__EXERCISE__. A word-for-word copy of the entries, with the images left out, is what you should write.

[Captioned web images]
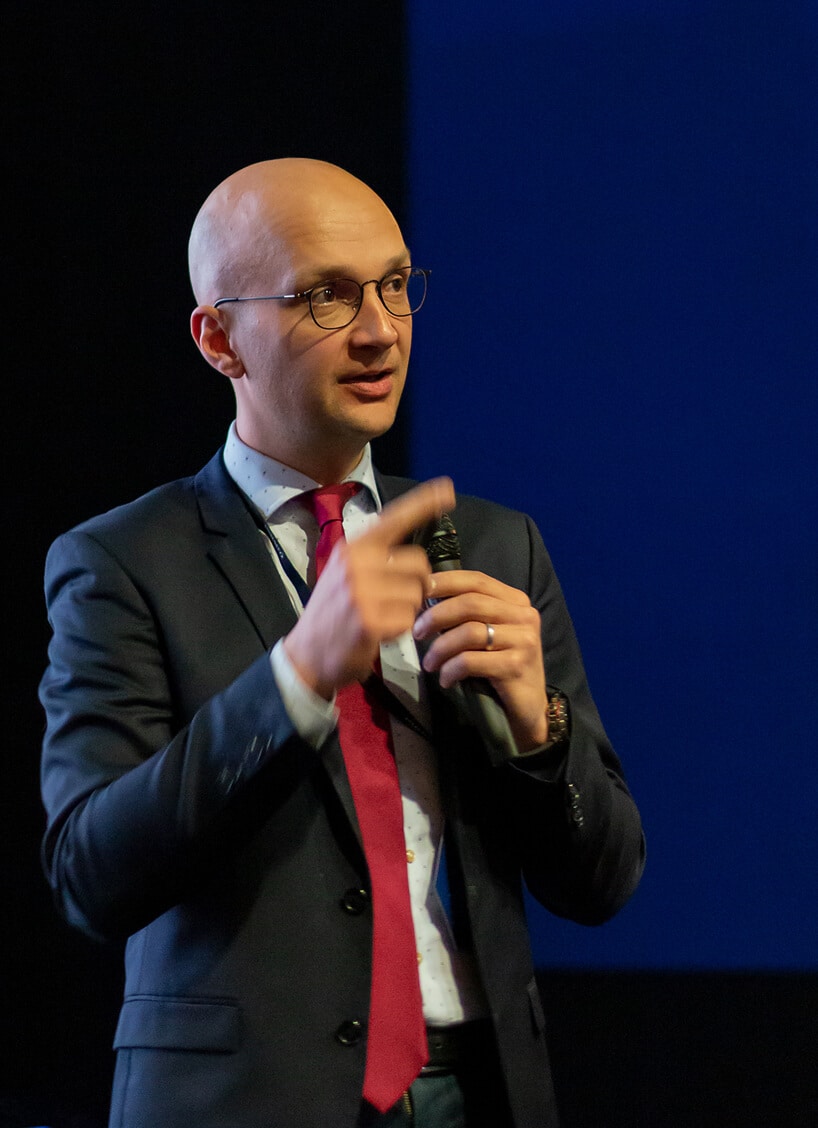 mężczyzna w garniturze i krawacie podczas wykłądu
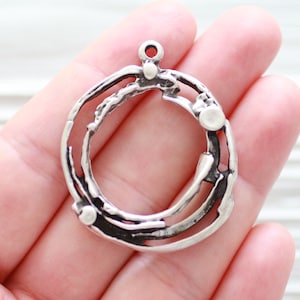 May include: Silver pendant with a circular design featuring a textured, swirling pattern. The pendant has a loop at the top for attaching a chain.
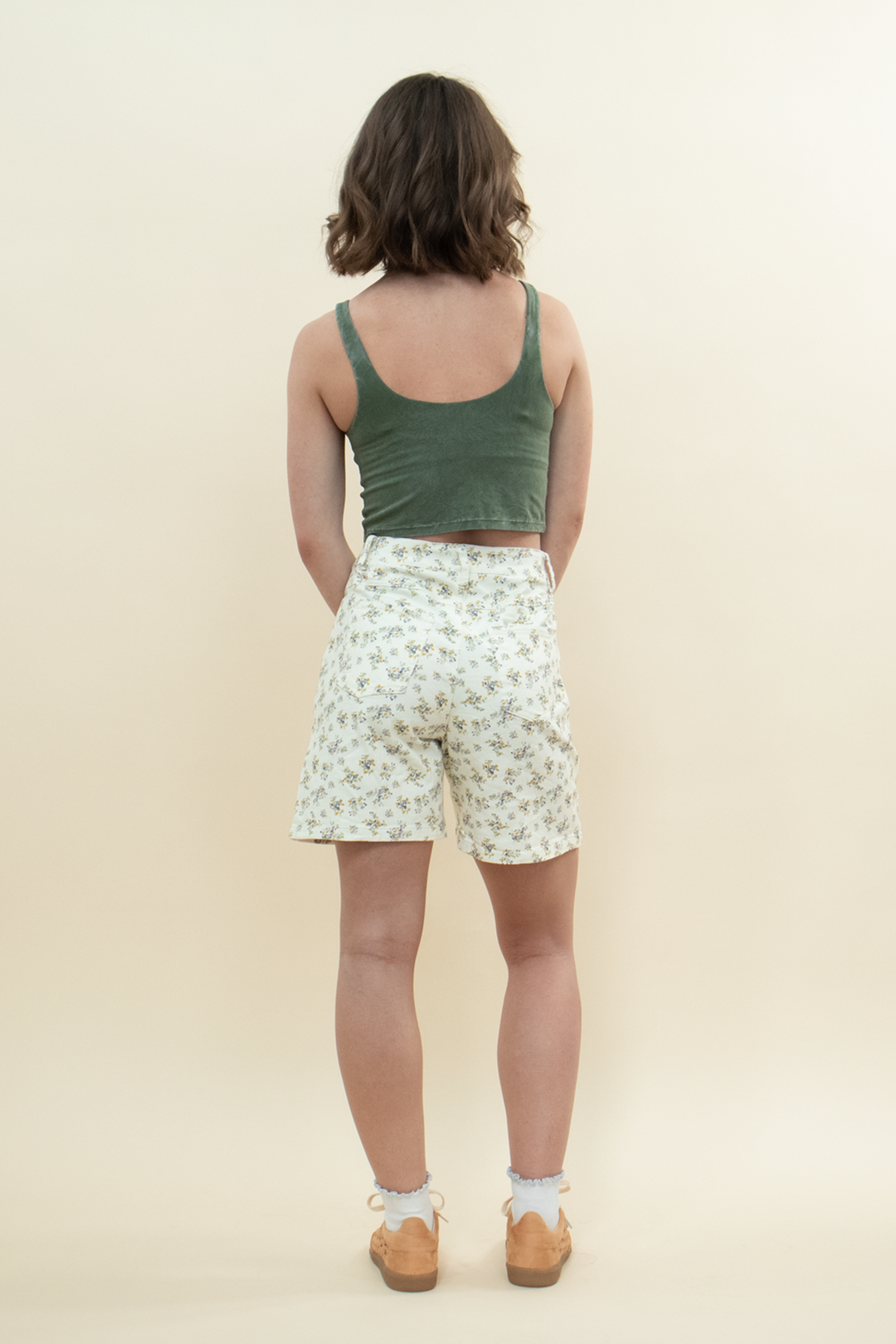 Back view of a woman wearing high-waisted floral print shorts paired with a fitted green crop tank top and tan sneakers, showcasing a casual summer look from behind.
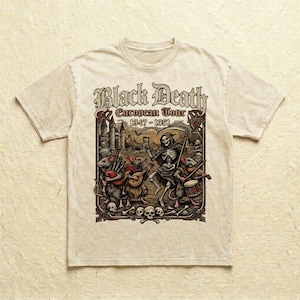 May include: Beige t-shirt featuring a graphic with the text "Black Death European Tour 1347-1351". The graphic depicts a skeleton with a scythe, rats playing instruments, and a castle.
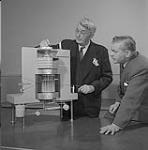 Dr. David A. Keys and Gordon Hatfield examining a reactor 1955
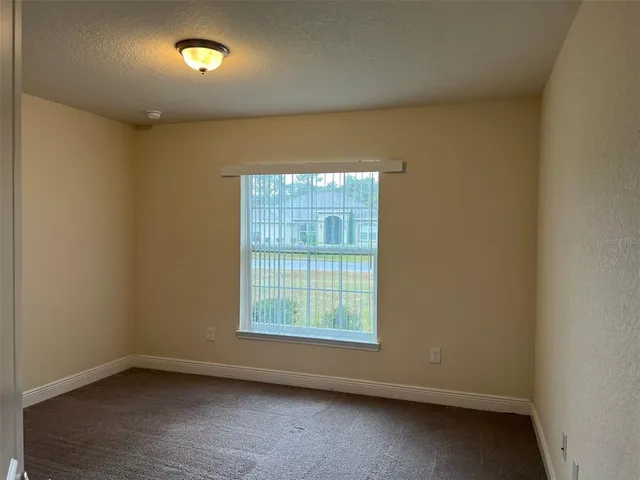 a view of a hallway with a wooden door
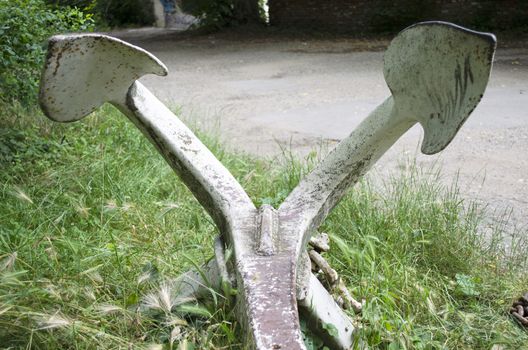 Big and ancient anchor exposed upon a meadow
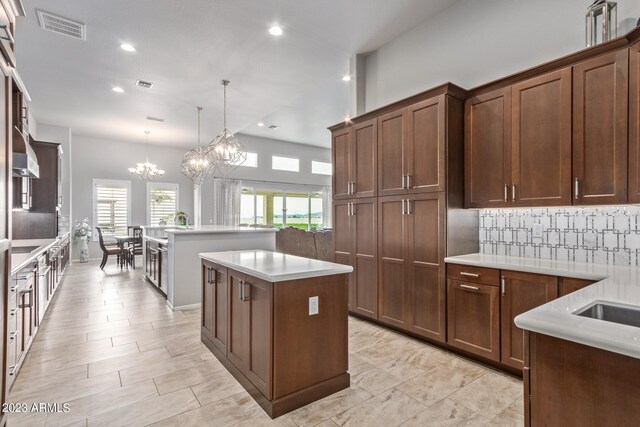 kitchen with pendant lighting, light tile floors, a kitchen island, a chandelier, and backsplash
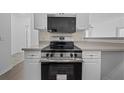 Modern kitchen with stainless steel appliances and light cabinets at 18001 Richmond Place Dr # 122, Tampa, FL 33647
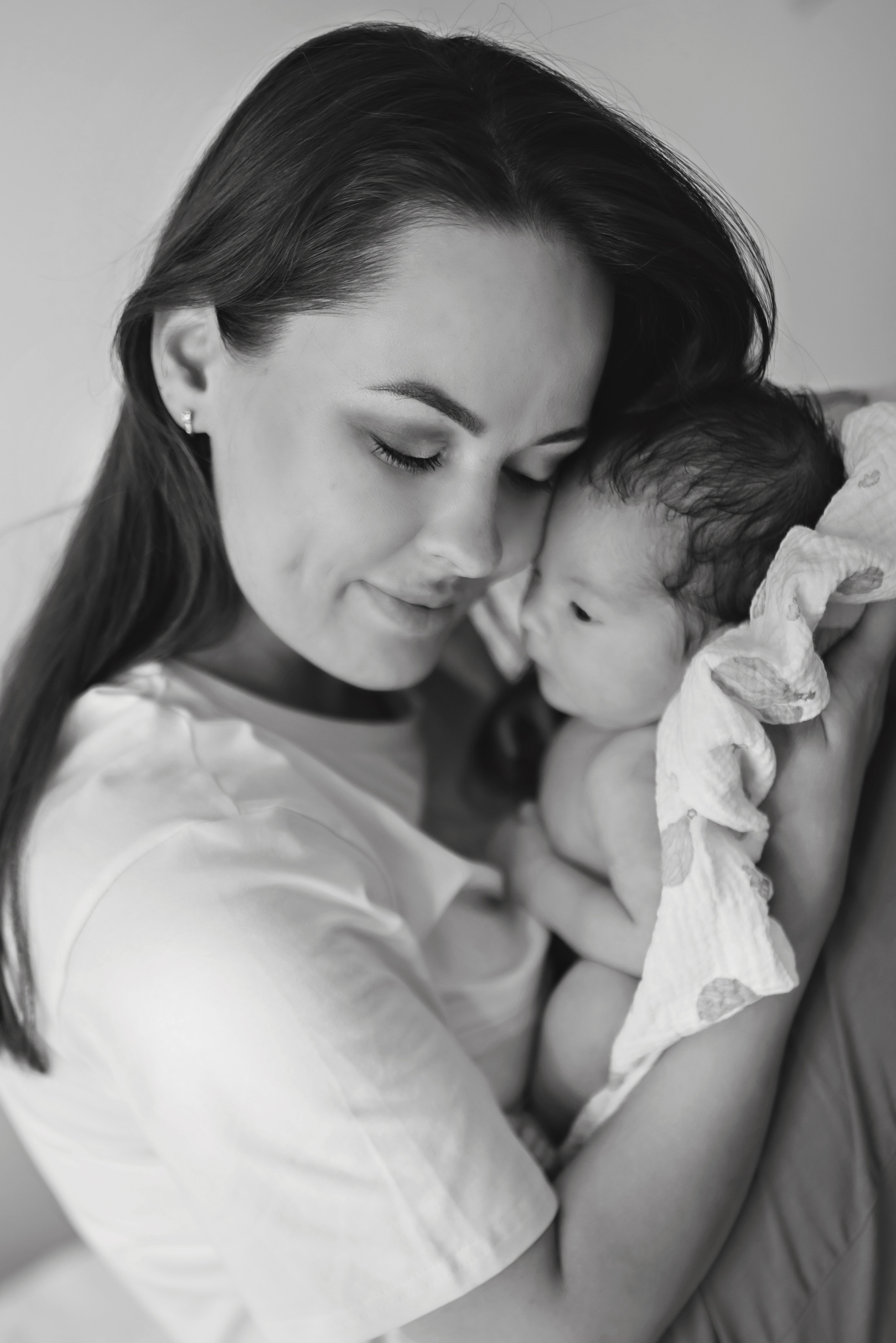 Natural light photo of a mother holding her baby for the first time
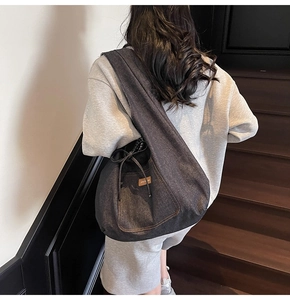 Detail of denim tote bag showing drawstring side and leather patch during model carry
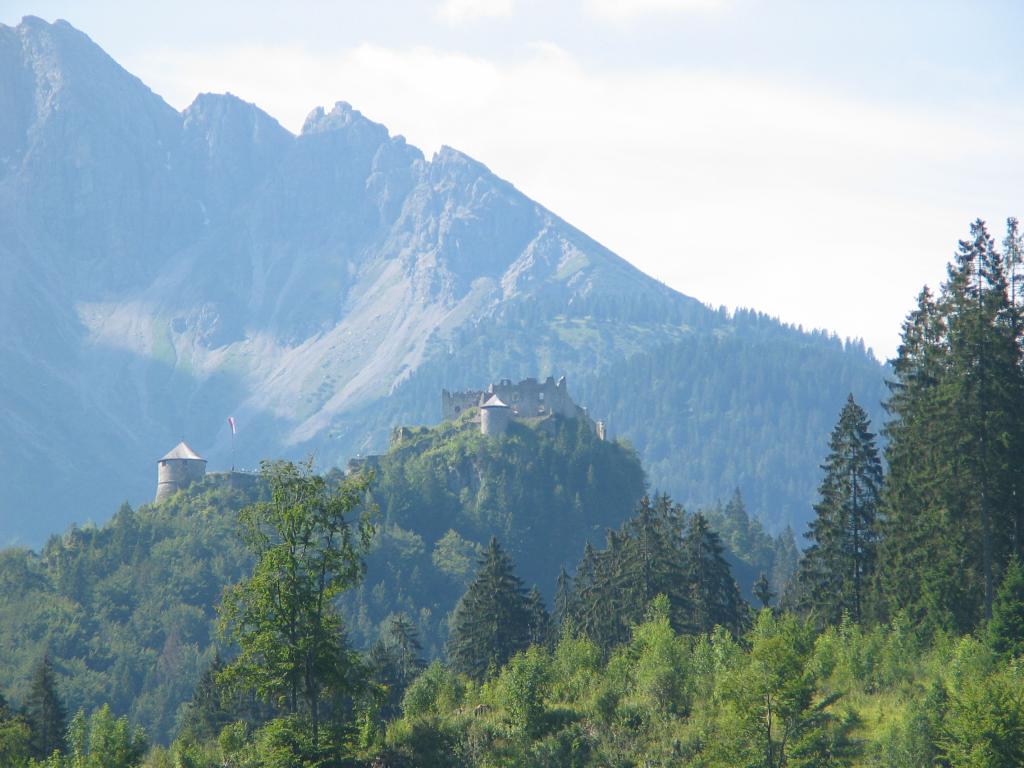 The Ehrenberg ruins, seen from a street in Reutte-in-Tirol, Austria,
which is the town nearest the ruins.  Note the incongruity of the two
buildings with conical roofs, which have been rebuilt to immaculate
perfection.  By the way, we had already walked about half a mile to
get to the spot where I took this picture, and we got to the ruins by
walking further.  It was definitely good exercise.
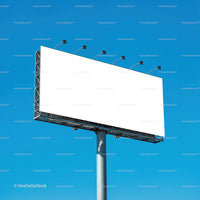 Large blank billboard against clear blue sky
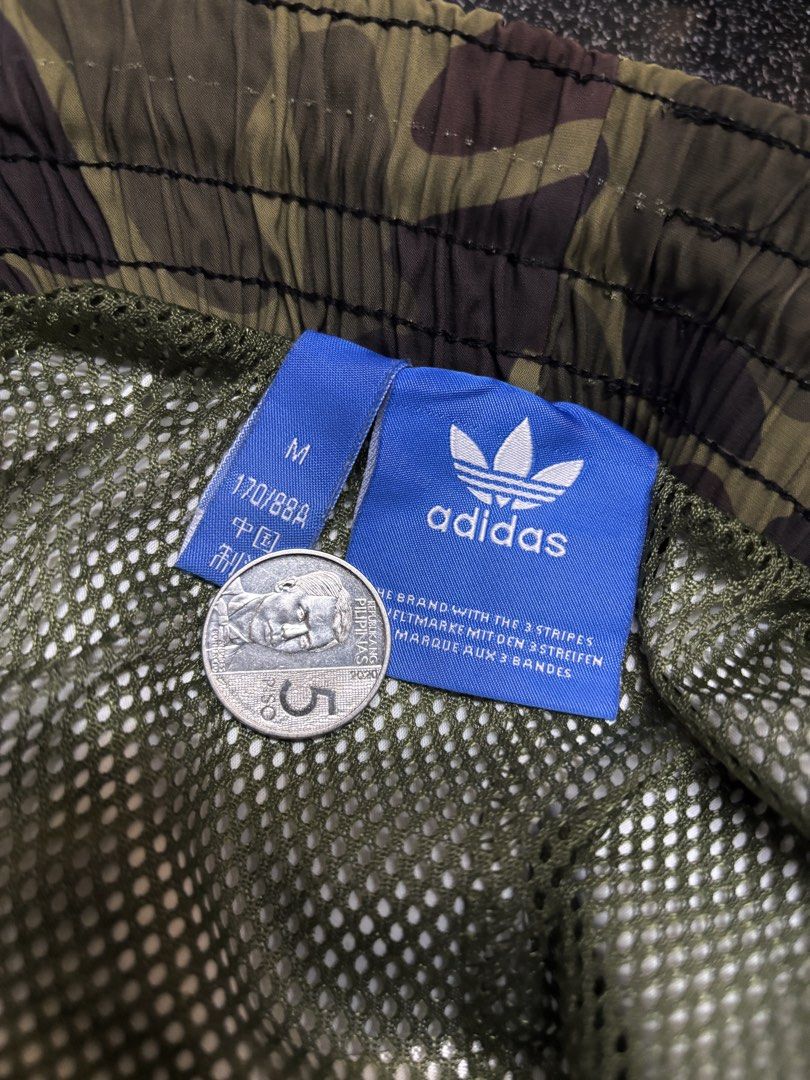 Adidas Camo (Category: Shorts) located in Cavite. Submitted by staythrifted.23 (Listing ID 1468601917, Image 2). Description: Medium on 🏷️ L 18 W 30 - 34 Like new Color rate 10/10 Issue ❌ Loc. Cavite We ship nationwide Payment first .
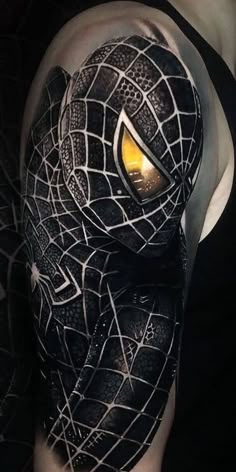 Realistic Spider-Man tattoo design for men on shoulder and upper arm tattoo ideas
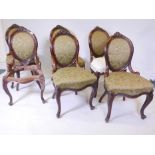 A set of six Victorian walnut dining chairs, with carved spoon backs and serpentine fronts, raised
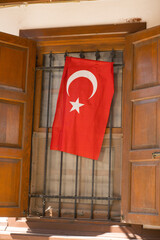 Turkish flag hanging behind a decorative iron window in a historic wooden interior.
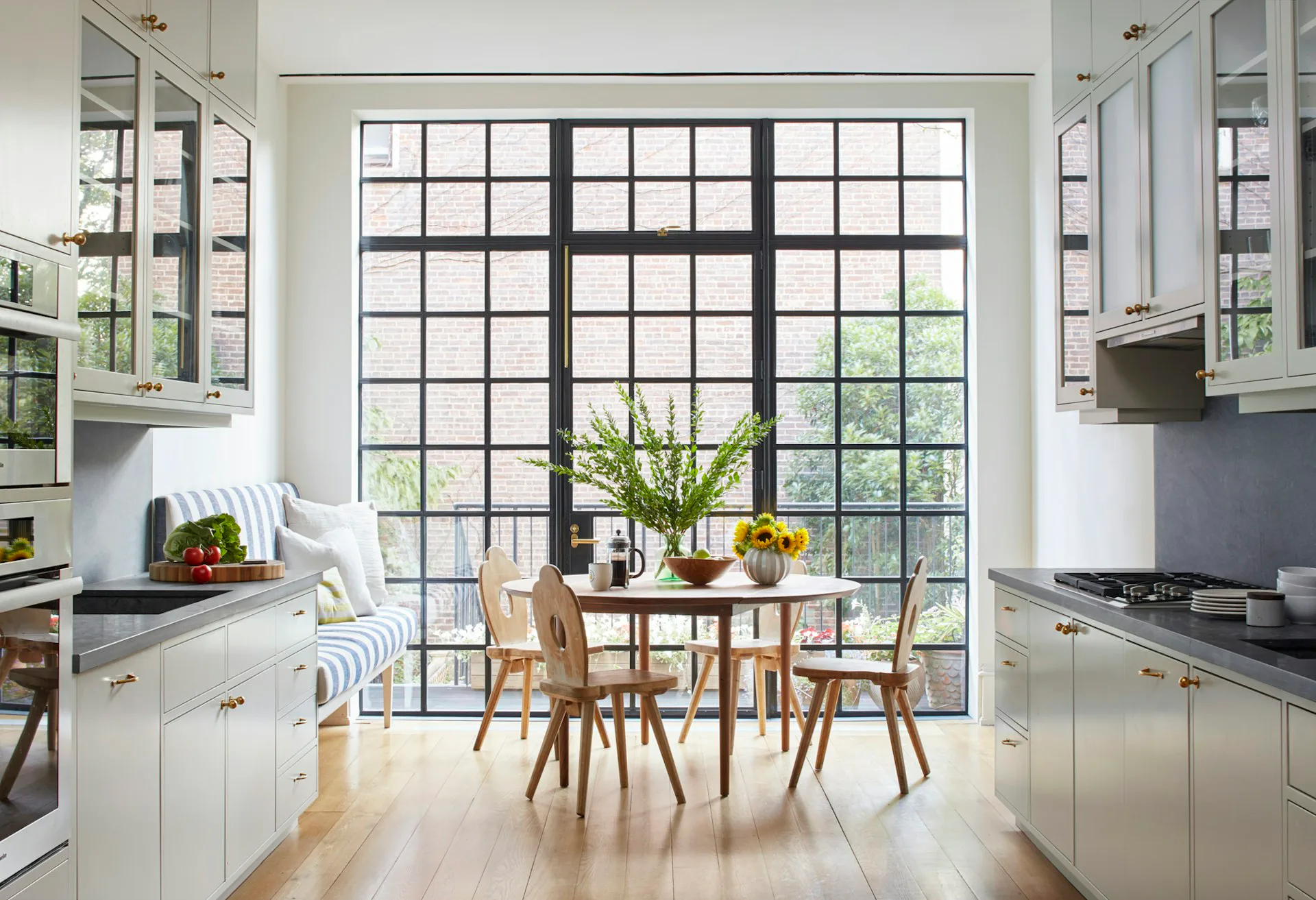 Bright galley kitchen with white cabinetry flanking large gridded windows overlooking a dining area with wooden chairs and table by Lang Architecture.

__ANSWER SPACE__.
 mężczyzna w garniturze i krawacie podczas wykłądu
 May include: Silver pendant with a circular design featuring a textured, swirling pattern. The pendant has a loop at the top for attaching a chain.
 Back view of a woman wearing high-waisted floral print shorts paired with a fitted green crop tank top and tan sneakers, showcasing a casual summer look from behind.
 May include: Beige t-shirt featuring a graphic with the text "Black Death European Tour 1347-1351". The graphic depicts a skeleton with a scythe, rats playing instruments, and a castle.
 Dr. David A. Keys and Gordon Hatfield examining a reactor 1955
 a view of a hallway with a wooden door
 Big and ancient anchor exposed upon a meadow
 kitchen with pendant lighting, light tile floors, a kitchen island, a chandelier, and backsplash
 Modern kitchen with stainless steel appliances and light cabinets at 18001 Richmond Place Dr # 122, Tampa, FL 33647
 Natural light photo of a mother holding her baby for the first time
 Detail of denim tote bag showing drawstring side and leather patch during model carry
 The Ehrenberg ruins, seen from a street in Reutte-in-Tirol, Austria,
which is the town nearest the ruins.  Note the incongruity of the two
buildings with conical roofs, which have been rebuilt to immaculate
perfection.  By the way, we had already walked about half a mile to
get to the spot where I took this picture, and we got to the ruins by
walking further.  It was definitely good exercise.
 Large blank billboard against clear blue sky
 Adidas Camo (Category: Shorts) located in Cavite. Submitted by staythrifted.23 (Listing ID 1468601917, Image 2). Description: Medium on 🏷️ L 18 W 30 - 34 Like new Color rate 10/10 Issue ❌ Loc. Cavite We ship nationwide Payment first .
 Realistic Spider-Man tattoo design for men on shoulder and upper arm tattoo ideas
 A set of six Victorian walnut dining chairs, with carved spoon backs and serpentine fronts, raised
 Turkish flag hanging behind a decorative iron window in a historic wooden interior.
 Bright galley kitchen with white cabinetry flanking large gridded windows overlooking a dining area with wooden chairs and table by Lang Architecture.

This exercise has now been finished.